▸ SUPPLIED MATERIAL

+---+

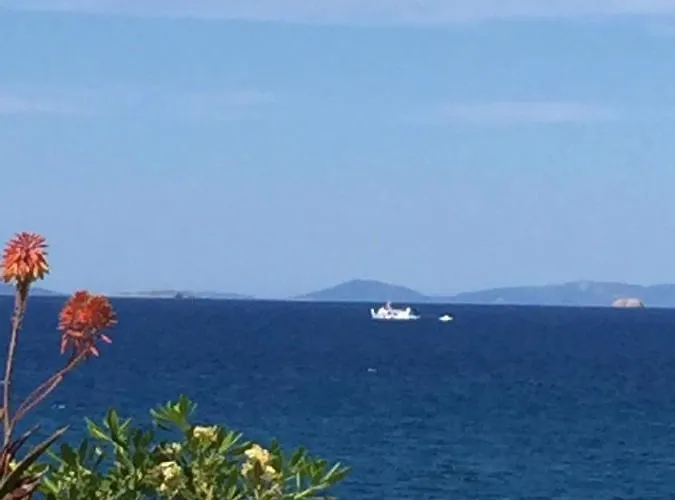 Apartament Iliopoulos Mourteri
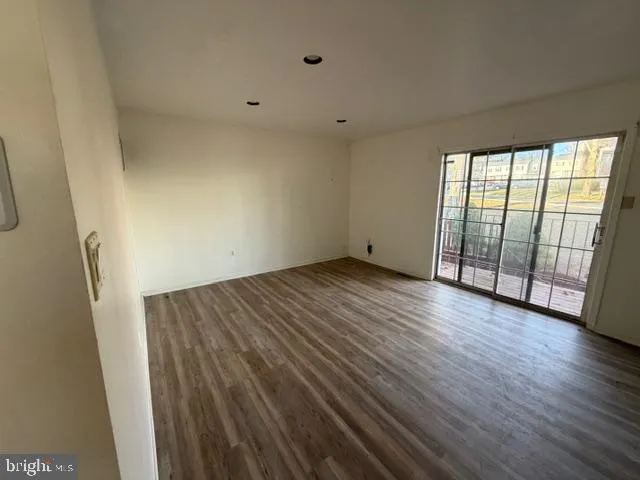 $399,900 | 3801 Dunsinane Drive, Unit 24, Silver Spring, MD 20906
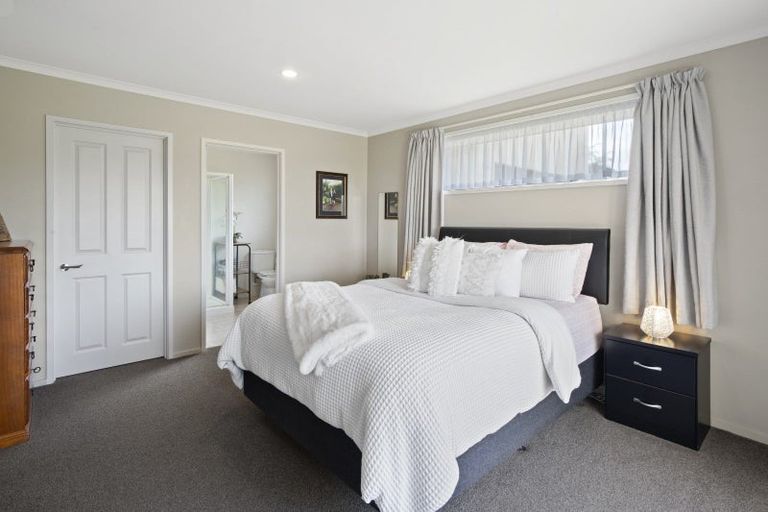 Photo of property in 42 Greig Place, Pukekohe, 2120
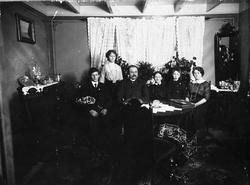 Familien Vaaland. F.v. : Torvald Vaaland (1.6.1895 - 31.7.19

+---+

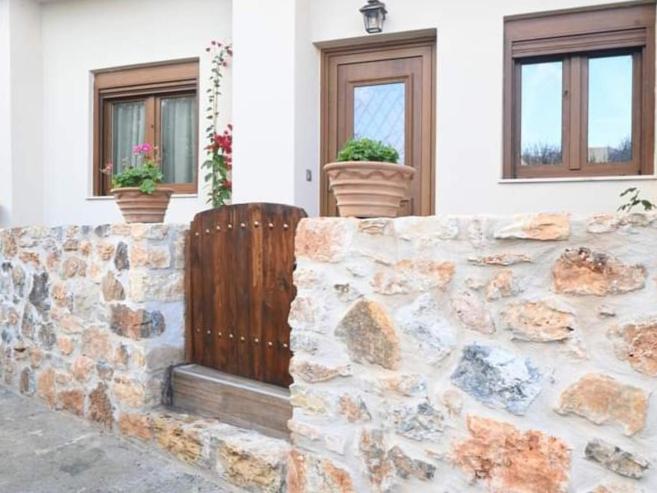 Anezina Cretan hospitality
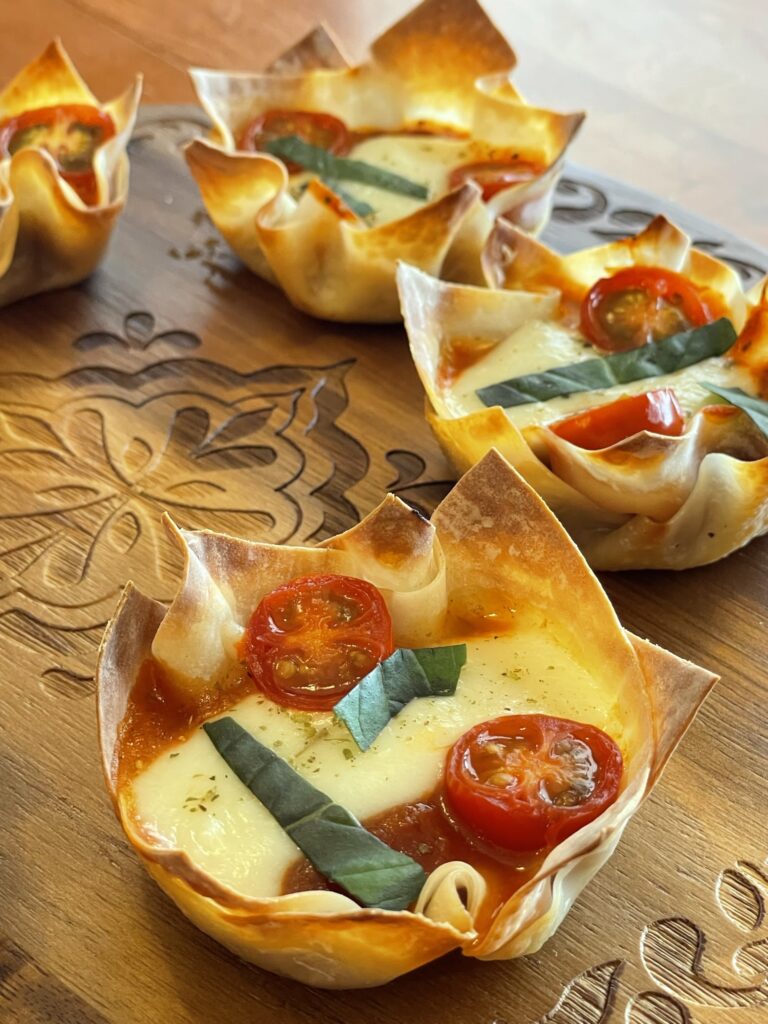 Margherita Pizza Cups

+---+

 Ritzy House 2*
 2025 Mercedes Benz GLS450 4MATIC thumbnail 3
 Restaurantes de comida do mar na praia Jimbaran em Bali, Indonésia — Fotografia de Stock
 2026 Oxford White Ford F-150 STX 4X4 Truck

+---+

▸ TASK DETAILS
Set down again, exactly, every line above from the one with "Photo of property" down to the one with "Familien Vaaland. F.v.", both ends included. No pictures, and nothing else.

▸ TASK ANSWER
 Photo of property in 42 Greig Place, Pukekohe, 2120
 Familien Vaaland. F.v. : Torvald Vaaland (1.6.1895 - 31.7.19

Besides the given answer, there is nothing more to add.